How to work with massive media data sets?

Early 21st century media researchers have access to unprecedented amounts of media–more than they can possibly study, let alone simply watch or even search. A number of interconnected developments which took place between 1990 and 2010–the digitization of analog media collections, a decrease in prices and expanding capacities of portable computer-based media devices (laptops, tablets, phones, cameras, etc.), the rise of user-generated content and social media, and globalization (which increased the number of agents and institutions producing media around the world)–led to an exponential increase in the quantity of media while simultaneously making it much easier to find, share, teach with, and research.
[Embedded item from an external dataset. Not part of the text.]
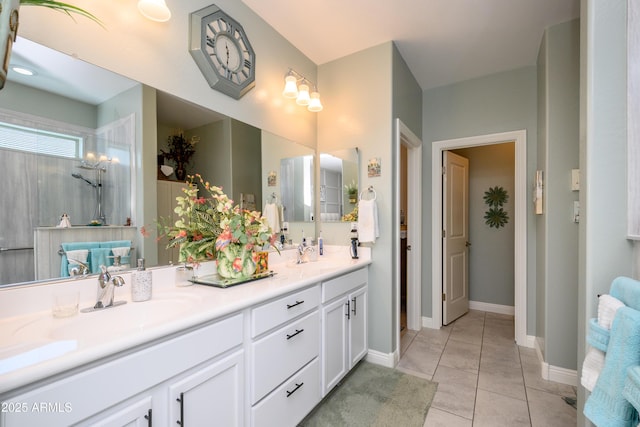 full bath featuring tile patterned flooring, double vanity, baseboards, and a sink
Waiting to be “digged” into are hundreds of billions of videos on YouTube and photographs on Facebook (according to the stats provided by Facebook in the beginning of 2012, its users upload 7 billion images per month), millions of hours of television programs digitized by various national libraries and media museums, millions of digitized newspaper pages from the nineteenth and twentieth centuries (1), 150 billion snapshots of web pages covering the period from 1996 until today (2), and numerous other media sources. (For more examples of large media collections, see the list of repositories made available to the participants of Digging Into Data 2011 Competition.)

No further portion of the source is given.